**Work task:**
From the records that follow, return exactly the lines beginning at the one that contains "Focused blonde housewife" and ending at the one that contains "Junge Frau steht", pictures left out.

**Source material:**

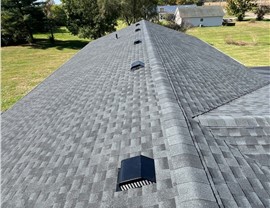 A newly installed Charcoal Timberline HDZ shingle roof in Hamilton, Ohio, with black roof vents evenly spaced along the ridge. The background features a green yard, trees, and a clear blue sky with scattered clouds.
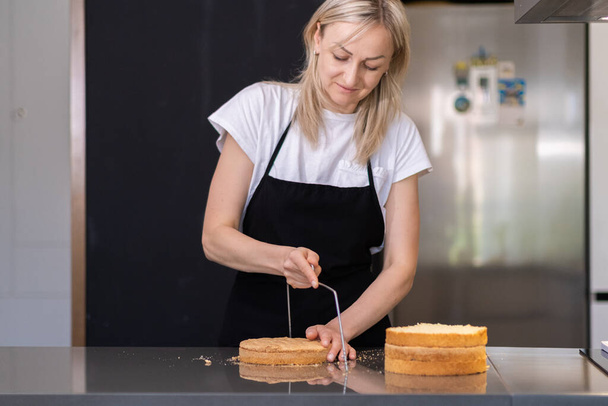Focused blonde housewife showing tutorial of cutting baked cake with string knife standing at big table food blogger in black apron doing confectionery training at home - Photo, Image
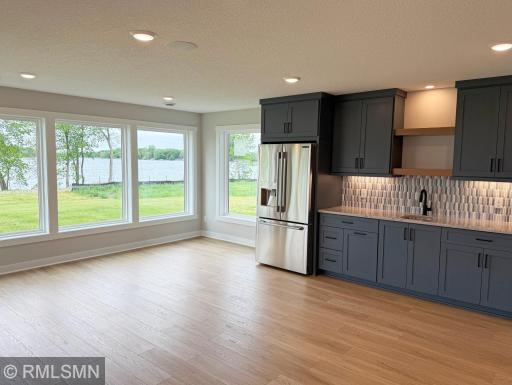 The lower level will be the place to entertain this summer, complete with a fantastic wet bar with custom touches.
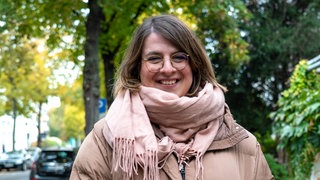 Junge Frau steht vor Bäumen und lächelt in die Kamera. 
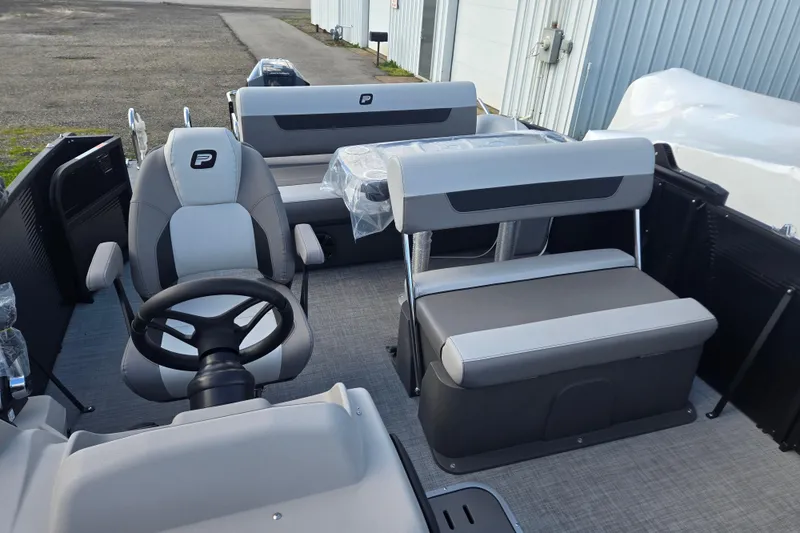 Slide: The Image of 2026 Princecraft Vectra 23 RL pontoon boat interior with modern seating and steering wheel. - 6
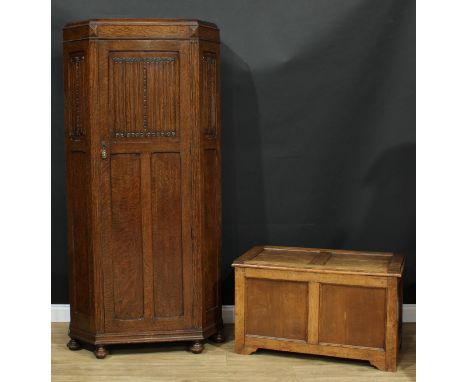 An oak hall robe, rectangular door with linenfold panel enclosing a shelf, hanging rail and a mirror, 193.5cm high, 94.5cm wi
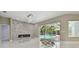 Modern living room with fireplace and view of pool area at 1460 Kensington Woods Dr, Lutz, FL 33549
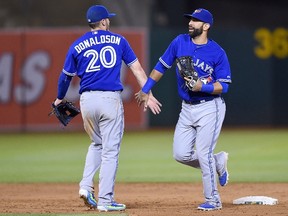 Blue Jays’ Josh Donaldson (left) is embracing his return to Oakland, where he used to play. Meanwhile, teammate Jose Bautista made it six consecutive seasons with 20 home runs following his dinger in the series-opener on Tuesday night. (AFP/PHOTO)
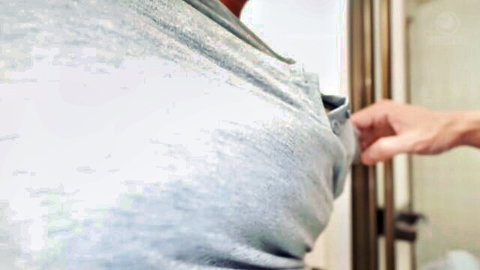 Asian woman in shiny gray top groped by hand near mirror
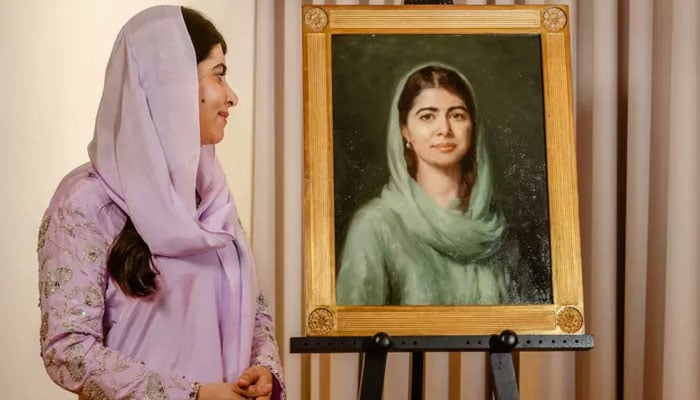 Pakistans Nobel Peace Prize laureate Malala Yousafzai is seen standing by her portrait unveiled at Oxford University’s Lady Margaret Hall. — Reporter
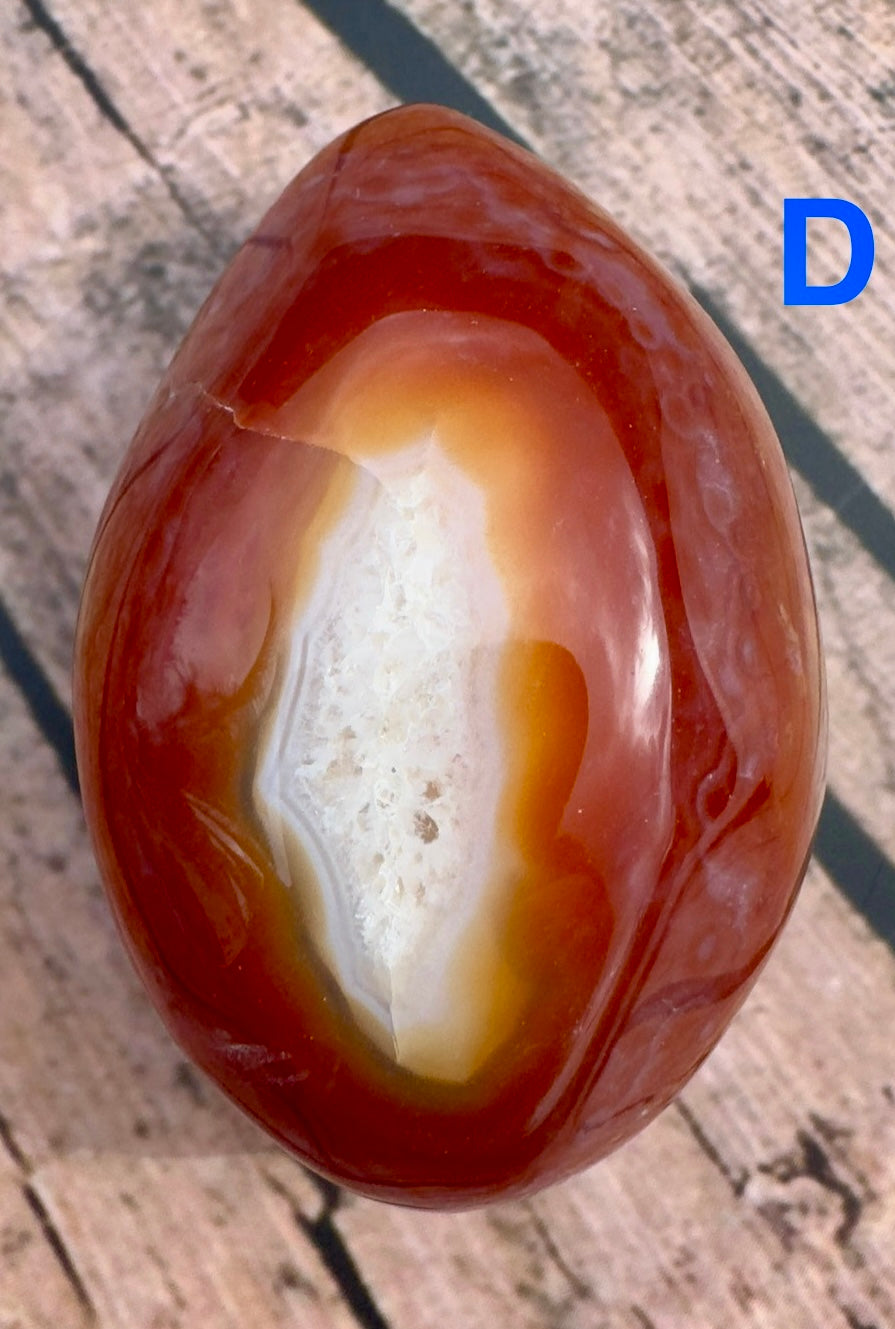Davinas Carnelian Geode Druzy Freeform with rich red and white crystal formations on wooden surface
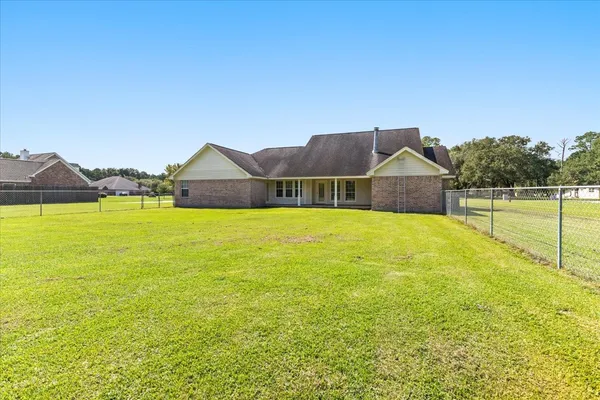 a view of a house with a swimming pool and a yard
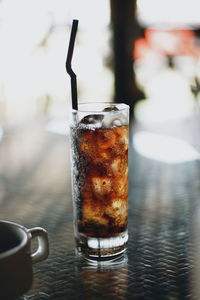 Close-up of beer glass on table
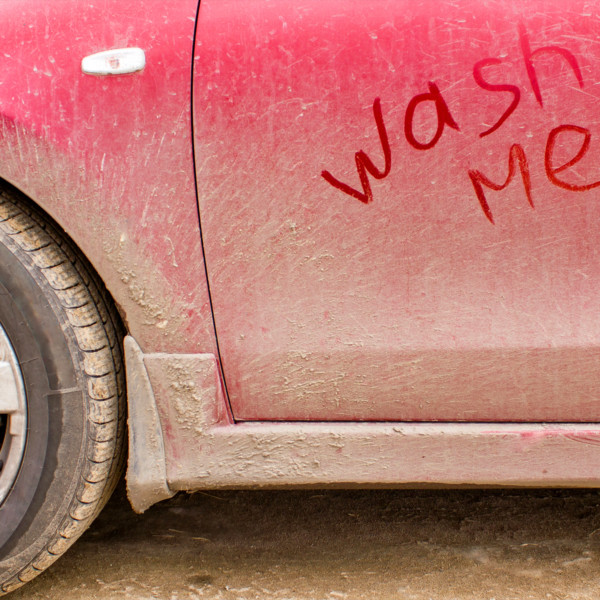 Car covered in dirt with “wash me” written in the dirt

--

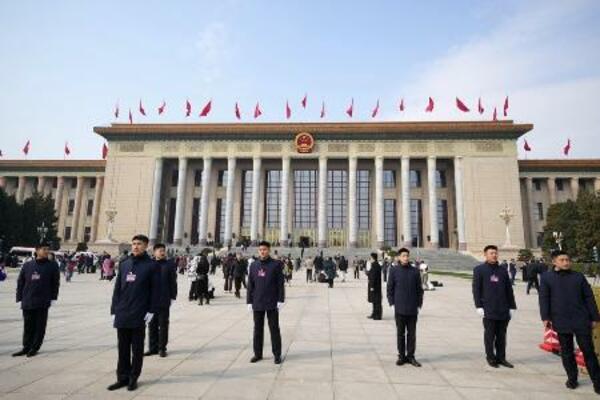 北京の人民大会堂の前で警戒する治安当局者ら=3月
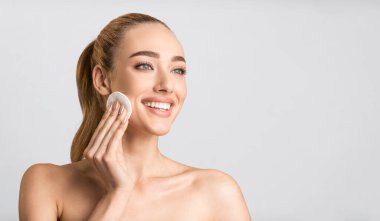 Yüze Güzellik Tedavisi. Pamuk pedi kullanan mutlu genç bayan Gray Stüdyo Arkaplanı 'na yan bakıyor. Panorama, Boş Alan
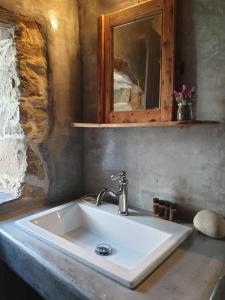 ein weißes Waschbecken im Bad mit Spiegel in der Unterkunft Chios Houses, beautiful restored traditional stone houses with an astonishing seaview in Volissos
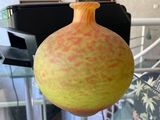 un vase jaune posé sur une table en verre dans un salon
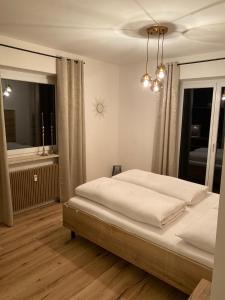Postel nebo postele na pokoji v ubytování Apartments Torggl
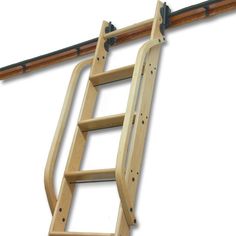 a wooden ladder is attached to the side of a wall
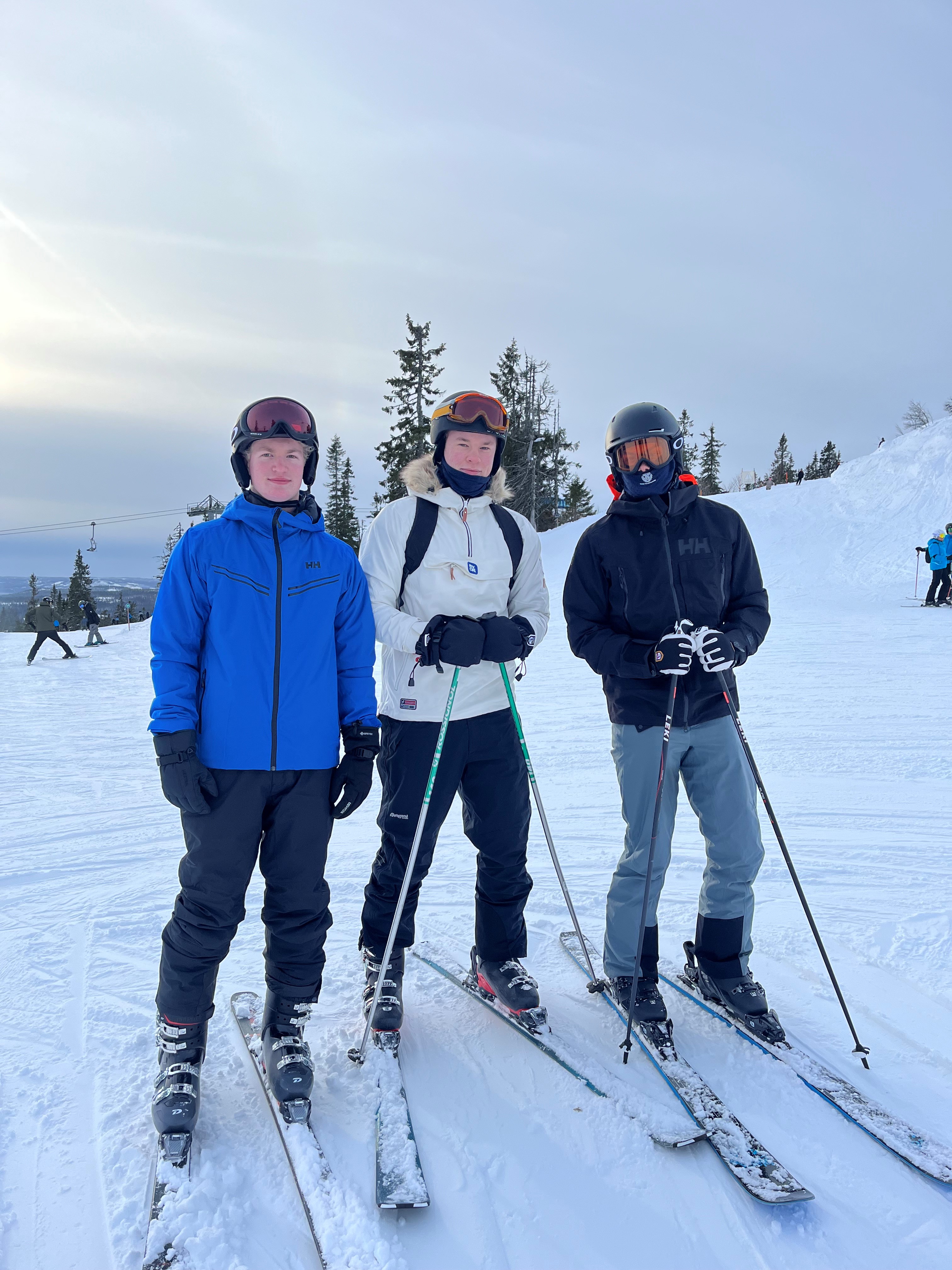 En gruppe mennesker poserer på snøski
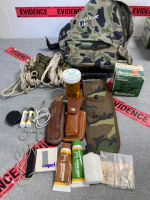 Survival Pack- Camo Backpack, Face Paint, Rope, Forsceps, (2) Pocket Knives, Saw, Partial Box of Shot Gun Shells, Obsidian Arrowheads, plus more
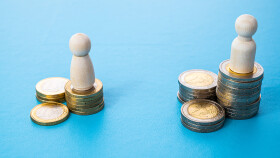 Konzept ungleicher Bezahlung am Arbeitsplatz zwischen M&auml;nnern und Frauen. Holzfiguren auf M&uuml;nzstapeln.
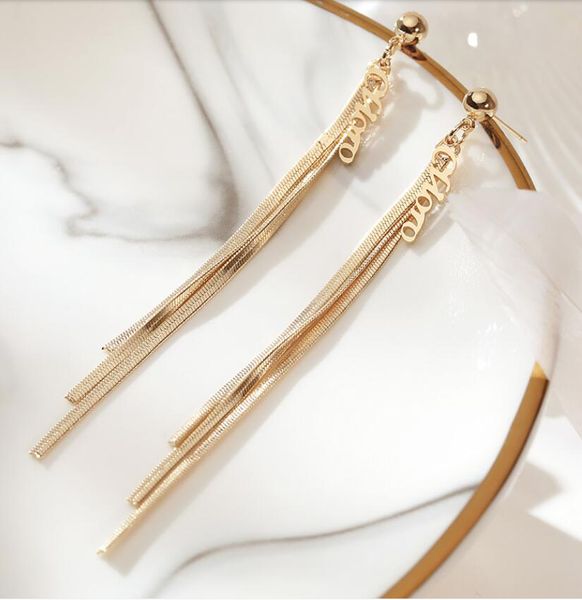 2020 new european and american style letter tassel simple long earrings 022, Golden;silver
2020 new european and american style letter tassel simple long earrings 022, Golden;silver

**The answer:**
Focused blonde housewife showing tutorial of cutting baked cake with string knife standing at big table food blogger in black apron doing confectionery training at home - Photo, Image
 The lower level will be the place to entertain this summer, complete with a fantastic wet bar with custom touches.
 Junge Frau steht vor Bäumen und lächelt in die Kamera. 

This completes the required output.